WHAT THE TASK ASKS.
Extract the whole listing as it stands. Do not include the pictures.
++++
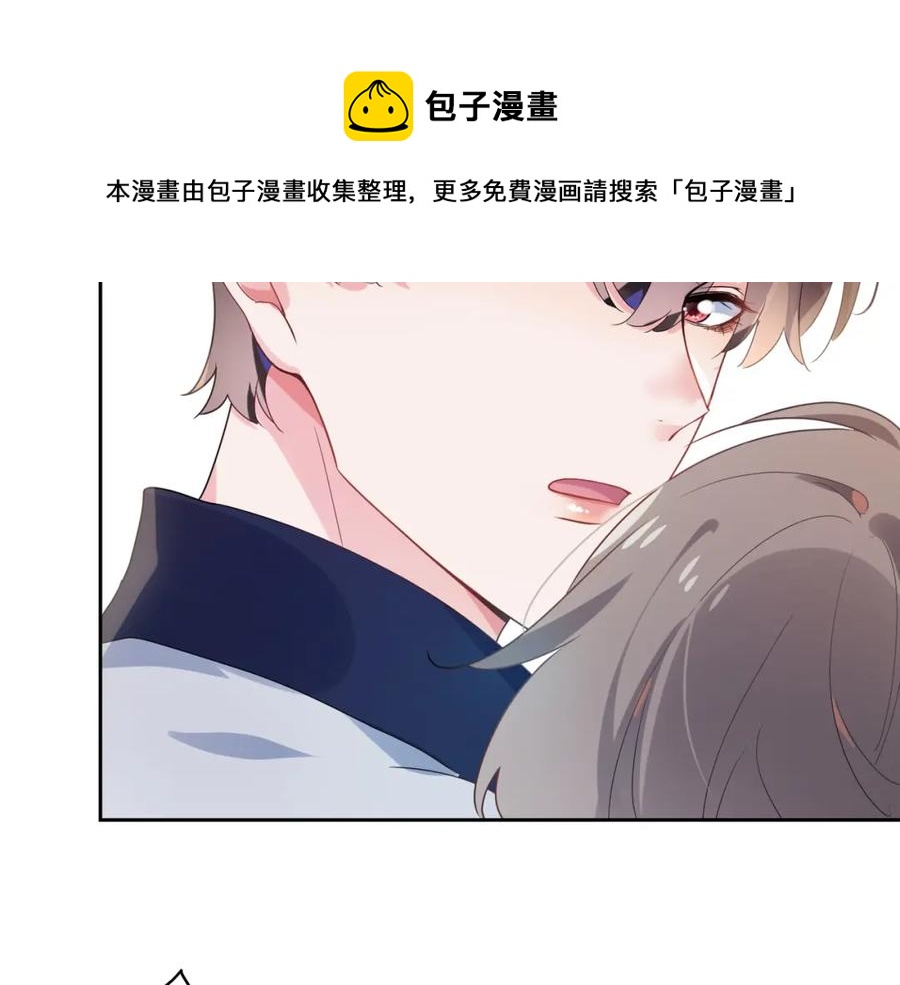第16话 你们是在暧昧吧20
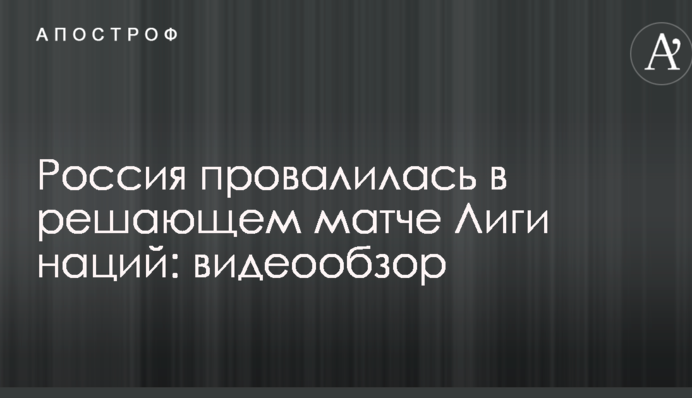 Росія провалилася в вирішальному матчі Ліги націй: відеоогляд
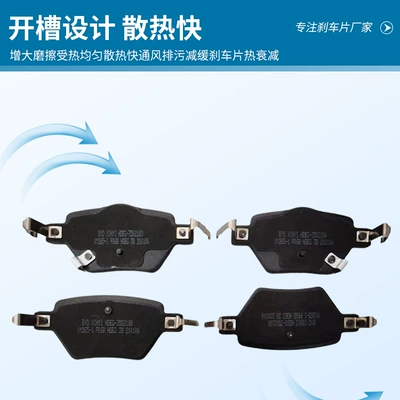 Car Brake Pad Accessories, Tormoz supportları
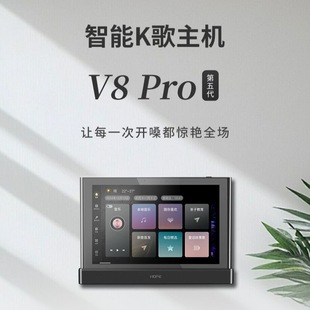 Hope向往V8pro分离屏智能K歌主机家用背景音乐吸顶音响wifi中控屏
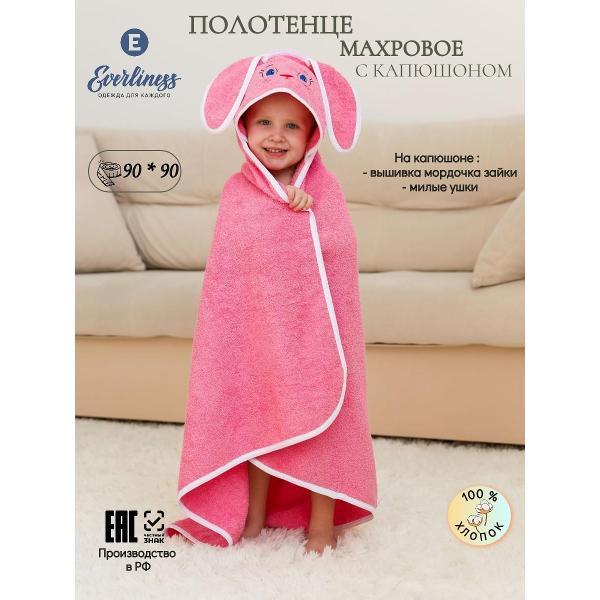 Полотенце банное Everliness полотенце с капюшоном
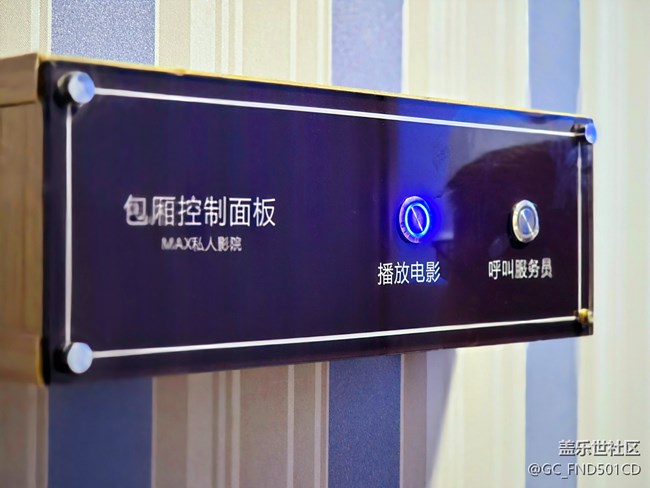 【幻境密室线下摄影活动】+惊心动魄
++++
WRITTEN SOLUTION.
第16话 你们是在暧昧吧20
 Росія провалилася в вирішальному матчі Ліги націй: відеоогляд
 Car Brake Pad Accessories, Tormoz supportları
 Hope向往V8pro分离屏智能K歌主机家用背景音乐吸顶音响wifi中控屏
 Полотенце банное Everliness полотенце с капюшоном
 【幻境密室线下摄影活动】+惊心动魄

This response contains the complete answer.